SMCR: regulatory references good practice guide published

Out-Law News | 04 Sep 2019 | 3:20 pm | 2 min. read

The release of new guidance on 'regulatory references' should prompt financial services firms subject to the Senior Managers and Certification Regime (SMCR) to review their recruitment practices and the way they share information on former employees with others in the sector, an expert in financial services and employment law has said.

Regulatory references is a term used to describe the framework of information sharing provided for under the SMCR to help firms avoid recruiting people with a history of poor conduct into senior roles and other positions where they have the potential to do significant harm to the firm or its customers.

Firms subject to the SMCR must ensure people performing senior management functions, certification functions or notified non-executive director (NED) functions in their organisation are 'fit and proper' persons.

To underpin this requirement, the SMCR obliges firms to seek regulatory references when recruiting new people to perform such roles. It also requires firms to provide regulatory references when they are requested, and in certain cases to also update the references they provide if they become aware of fresh information that would affect a firm's assessment of whether that person is fit and proper.

The Banking Standards Board (BSB) has now issued new good practice guidance on regulatory references in an effort to help firms in the banking sector meet their obligations and set an example for other regulated firms to follow.

Ben Brown of Pinsent Masons, the law firm behind Out-Law, said the guidance would be of wider benefit to other financial services firms.

"Although the BSB’s guidance is aimed at certification functions within the banking sector, it provides helpful direction to all firms who will need to deal with the regulatory reference regime," Brown said.

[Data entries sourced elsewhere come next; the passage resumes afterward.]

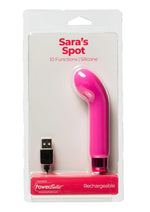 Load image into Gallery viewer, Powerbullet Sara&#39;s Spot 10 Function Rechargeable Silicone Vibrating Bullet - Pink
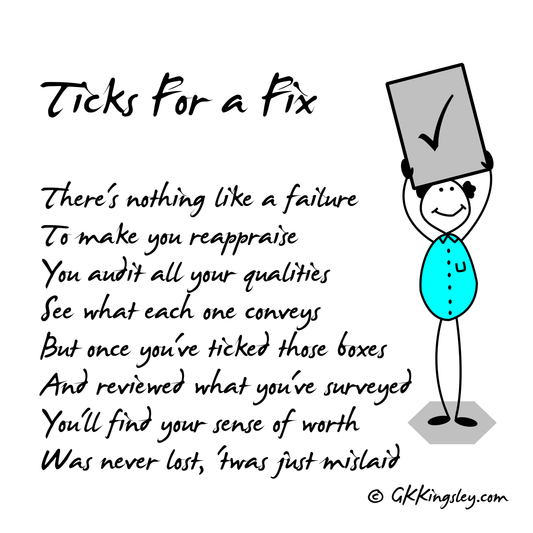 Tick list ready?... Let's get ticking! - Poem by GK Kingsley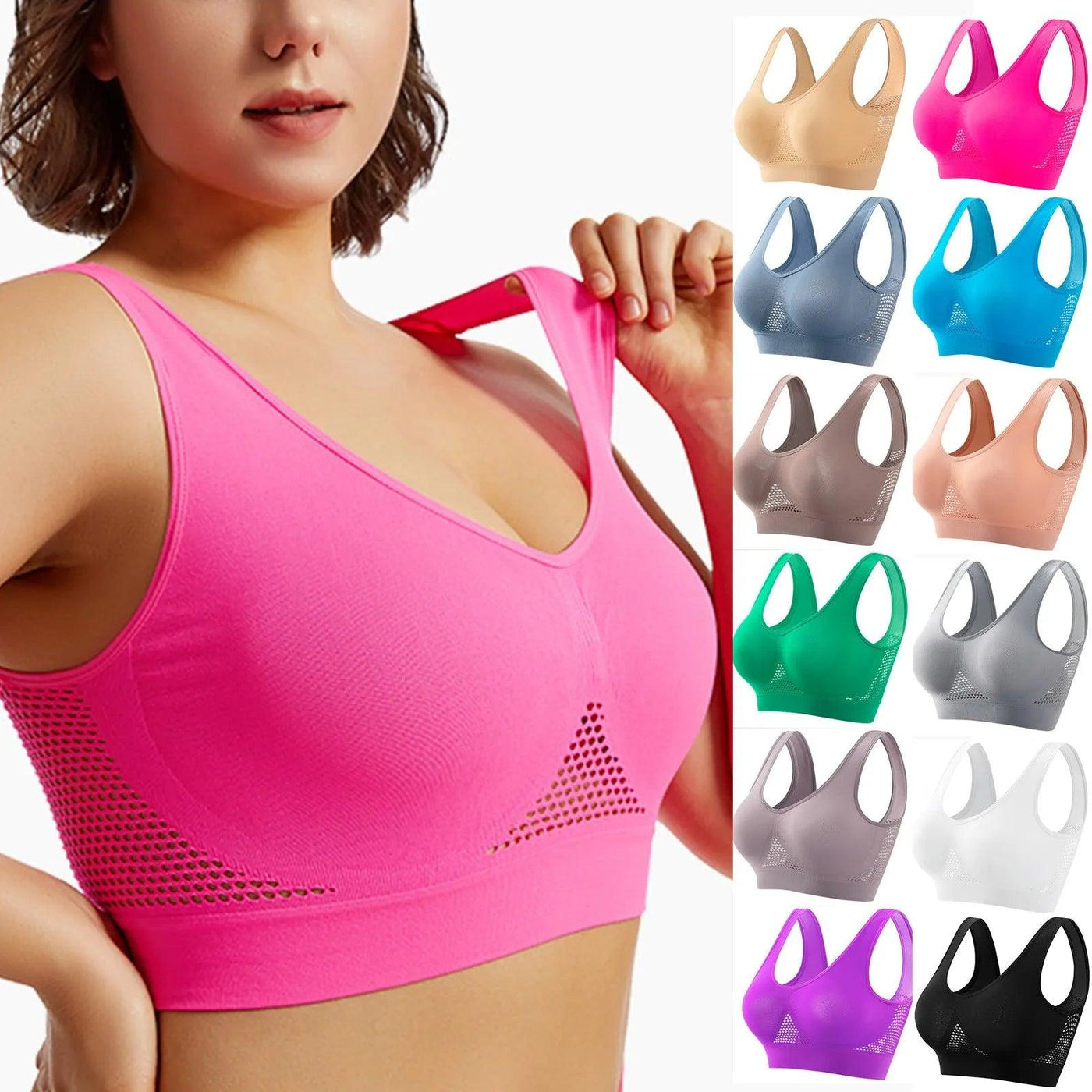 S-4XL Women Yoga Sport Bra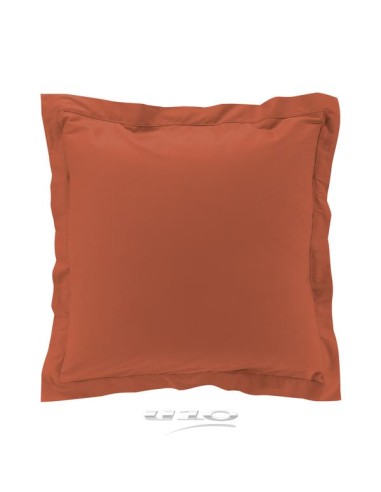 1643392 - taie d'oreiller vp 63x63 cm percale uni 78 fils percaline terracotta +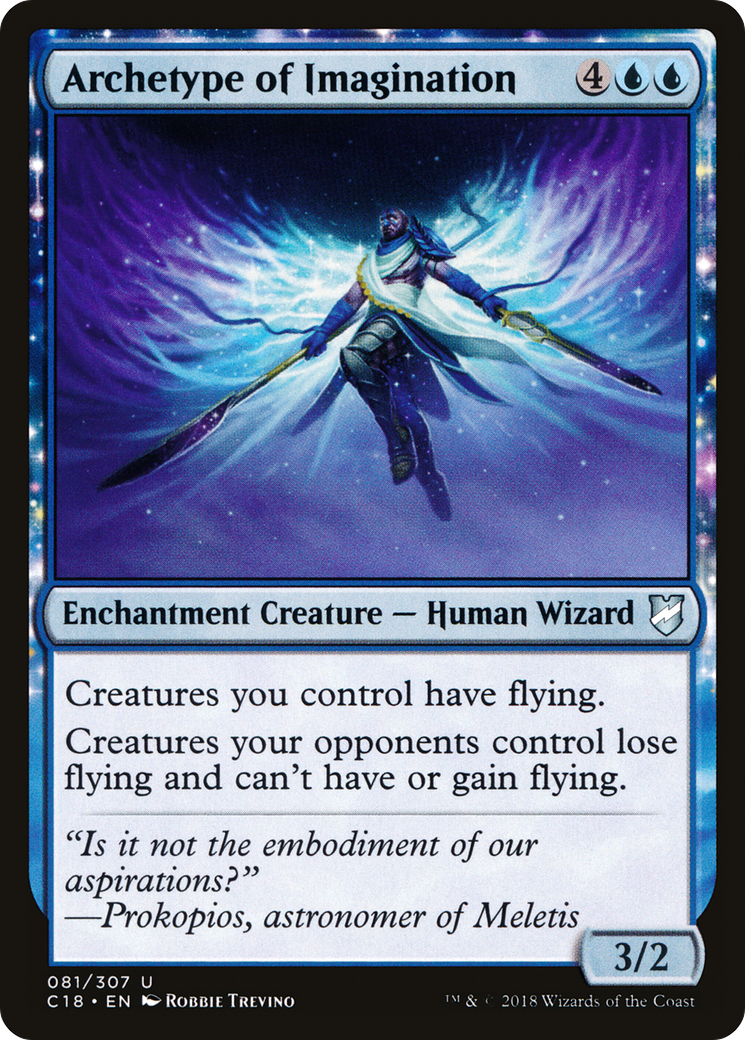 Image of Archetype of Imagination (C18-081) - Commander 2018: (enchantment)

"The guidance is underpinned by three core principles: fairness, proportionality and consistency. These principles are consistent with existing legal requirements which oblige employers to ensure that any reference is fair, accurate and capable of substantiation. In circumstances where an applicant is rejected for a certified role as a consequence of a negative regulatory reference it will be important for the firm providing the reference to be able to explain and justify the contents of the reference. Further, the guidance warns against firms relying on references exclusively and emphasises the importance of a balanced decision-making process when determining fitness and propriety," he said.

"It will be important for all regulated firms to review this guidance and consider any necessary changes to their processes and practices, for example how disciplinary records are collated and retained for the purposes of consideration when providing future references. From both a regulatory and legal perspective, having the correct checks and balances in place to avoid defective or potentially negligent regulatory references is very important. We are very likely to see disputes arising in cases where a financial services professional is effectively barred from carrying out a regulated role because of a negative reference," Brown said.

The Financial Conduct Authority (FCA) recently released its findings from a short review it carried out into the impact of the SMCR rules on the UK's banking sector. According to those findings, every firm the FCA interviewed was "positive" about the concept of regulatory references, but the majority of respondents felt that the quality and timeliness of references had to be improved. A lack of consistency in how firms record breaches of the conduct rules also created issues for firms, the review found.

From 9 December, the SMCR will apply to all solo-regulated authorised firms. This includes investment advisers, investment managers, private equity firms and consumer credit firms. The BSB said that its new guidance may be of help to those businesses, and that it would further allow banks and other financial services firms "to reference their own policies and procedures against a statement of what ‘good’ looks like".